Hafta sonları görüşmeye devam ettik, bu arada gitgide daha çok özlüyorduk birbirimizi. Birlikte yaşadığı kızda şüphe uyandırmamak için beni her gün telefon kulübesinden arıyordu. Kız ve o, çok erken birlikte yaşamaya başlamanın alışkanlıklarına ve sınav derdine kapılmış, sevişmenin bir arzunun hızlı ya da yavaş tatmininden başka bir şey, bir tür kesintisiz yaratım olabileceğini asla tahayyül etmemişlerdi. Bu yenilik karşısında sergilediği ateşli tutku beni ona giderek daha çok bağlıyordu.
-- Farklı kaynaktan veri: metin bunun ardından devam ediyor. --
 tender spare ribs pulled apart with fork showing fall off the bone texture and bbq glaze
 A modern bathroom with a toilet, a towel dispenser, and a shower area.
Yavaş yavaş bu macera, ne anlama geldiğini tam bilmesek de sonuna kadar götürmek istediğimiz bir hikâyeye dönüştü.
Beni hoşnut eden ve içimi rahatlatan bir gelişmeyle sevgilisinden ayrılınca ve kız evi terk edince, cuma akşamından pazartesi sabahına kadar onun evinde kalmayı alışkanlık haline getirdim. Altmışlı yıllarda üniversite öğrencisiyken yaşadığım ve yıllardır sadece annemle babamın Y.’deki mezarını ziyarete giderken uğradığım Rouen’da oturuyordu. Eve gelir gelmez, yanımda getirdiğim yiyecek içecek paketlerini açmadan mutfağa bırakıyordum ve sevişiyorduk. Müzik setine önceden konmuş bir CD biz odaya girer girmez çalmaya başlıyordu, genellikle The Doors. Bir andan sonra müziği duymaz oluyordum.
She Lives in the Love Street’in güçlü akorları ve Jim Morrison’un sesi tekrar beni yakalıyordu. Yere serili şiltenin üzerinden kalkmadan uzanmaya devam ediyorduk. O saatte trafik yoğundu. Otomobil farlarının ışığı perdesiz yüksek pencerelerden odanın duvarlarına yansıyordu. Bu yataktan, on sekiz yaşımdan beri aynı yataktan hiç kalkmamışım gibi geliyordu; farklı yerlerde, birbirinden ayırt edilemeyen farklı erkeklerle, ama aynı yatakta.